[Task prompt]
Pull every line containing the word "against" out of the material below.

[Data in this exercise]
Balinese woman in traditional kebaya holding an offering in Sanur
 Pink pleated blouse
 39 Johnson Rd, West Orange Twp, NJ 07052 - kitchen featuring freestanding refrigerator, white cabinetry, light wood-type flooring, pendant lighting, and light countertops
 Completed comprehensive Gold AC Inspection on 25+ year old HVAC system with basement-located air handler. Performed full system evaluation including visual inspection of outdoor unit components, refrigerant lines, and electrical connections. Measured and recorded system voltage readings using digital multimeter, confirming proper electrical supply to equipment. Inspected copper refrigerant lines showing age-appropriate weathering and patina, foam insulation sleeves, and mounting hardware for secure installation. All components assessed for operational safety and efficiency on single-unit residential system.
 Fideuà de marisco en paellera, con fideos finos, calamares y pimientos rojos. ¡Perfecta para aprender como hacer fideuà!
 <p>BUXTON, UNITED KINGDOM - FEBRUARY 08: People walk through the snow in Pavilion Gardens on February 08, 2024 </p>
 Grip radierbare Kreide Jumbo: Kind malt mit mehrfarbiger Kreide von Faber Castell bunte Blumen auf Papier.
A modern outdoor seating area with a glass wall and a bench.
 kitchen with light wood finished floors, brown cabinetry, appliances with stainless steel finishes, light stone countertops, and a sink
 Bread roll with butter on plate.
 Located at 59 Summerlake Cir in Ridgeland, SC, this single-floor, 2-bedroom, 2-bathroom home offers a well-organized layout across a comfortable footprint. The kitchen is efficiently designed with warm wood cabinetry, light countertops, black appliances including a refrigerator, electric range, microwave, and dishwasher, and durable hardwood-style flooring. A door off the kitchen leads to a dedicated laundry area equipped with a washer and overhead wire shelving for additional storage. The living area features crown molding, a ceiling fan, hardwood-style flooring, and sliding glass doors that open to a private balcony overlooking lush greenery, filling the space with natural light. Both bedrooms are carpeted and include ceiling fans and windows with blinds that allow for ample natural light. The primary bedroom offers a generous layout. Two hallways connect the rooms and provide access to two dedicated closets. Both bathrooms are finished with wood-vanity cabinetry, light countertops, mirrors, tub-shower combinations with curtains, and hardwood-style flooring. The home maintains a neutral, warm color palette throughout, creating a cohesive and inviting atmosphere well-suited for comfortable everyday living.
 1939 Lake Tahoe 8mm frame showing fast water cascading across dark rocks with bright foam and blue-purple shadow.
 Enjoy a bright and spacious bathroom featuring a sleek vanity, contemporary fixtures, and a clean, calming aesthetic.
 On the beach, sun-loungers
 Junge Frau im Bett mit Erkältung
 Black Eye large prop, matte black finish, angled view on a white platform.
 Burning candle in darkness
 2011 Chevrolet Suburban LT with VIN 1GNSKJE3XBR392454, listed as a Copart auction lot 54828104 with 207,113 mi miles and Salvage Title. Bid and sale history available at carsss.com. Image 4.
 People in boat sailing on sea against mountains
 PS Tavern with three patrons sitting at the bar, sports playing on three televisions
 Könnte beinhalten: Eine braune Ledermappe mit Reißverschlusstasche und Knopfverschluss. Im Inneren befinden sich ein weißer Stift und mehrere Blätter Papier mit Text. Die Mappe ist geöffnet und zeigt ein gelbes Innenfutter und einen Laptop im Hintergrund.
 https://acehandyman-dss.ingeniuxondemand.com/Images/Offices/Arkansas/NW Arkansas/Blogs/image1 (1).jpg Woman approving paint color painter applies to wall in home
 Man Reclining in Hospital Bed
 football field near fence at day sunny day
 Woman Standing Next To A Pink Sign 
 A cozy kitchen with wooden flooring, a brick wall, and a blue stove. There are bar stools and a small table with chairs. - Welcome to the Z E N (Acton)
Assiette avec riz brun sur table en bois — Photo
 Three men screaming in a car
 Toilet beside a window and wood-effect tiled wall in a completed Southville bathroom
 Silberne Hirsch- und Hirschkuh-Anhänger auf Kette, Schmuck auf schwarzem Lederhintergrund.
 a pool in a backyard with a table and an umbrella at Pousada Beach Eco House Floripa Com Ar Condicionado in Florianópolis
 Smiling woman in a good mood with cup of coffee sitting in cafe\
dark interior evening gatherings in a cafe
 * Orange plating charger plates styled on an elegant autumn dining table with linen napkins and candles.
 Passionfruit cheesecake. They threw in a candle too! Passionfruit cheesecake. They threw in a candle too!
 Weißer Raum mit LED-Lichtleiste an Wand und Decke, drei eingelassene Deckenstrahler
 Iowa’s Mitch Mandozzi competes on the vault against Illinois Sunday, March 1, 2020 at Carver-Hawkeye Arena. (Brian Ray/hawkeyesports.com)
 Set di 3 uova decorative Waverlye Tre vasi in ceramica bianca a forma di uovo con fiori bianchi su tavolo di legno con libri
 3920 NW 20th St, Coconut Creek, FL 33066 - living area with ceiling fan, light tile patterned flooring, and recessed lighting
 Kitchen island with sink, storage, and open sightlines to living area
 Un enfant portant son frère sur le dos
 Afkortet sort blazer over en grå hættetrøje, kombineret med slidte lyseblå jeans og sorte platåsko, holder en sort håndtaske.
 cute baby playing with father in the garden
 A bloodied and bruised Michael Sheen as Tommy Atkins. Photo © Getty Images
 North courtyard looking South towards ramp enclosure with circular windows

[Finished task]
 People in boat sailing on sea against mountains
 Iowa’s Mitch Mandozzi competes on the vault against Illinois Sunday, March 1, 2020 at Carver-Hawkeye Arena. (Brian Ray/hawkeyesports.com)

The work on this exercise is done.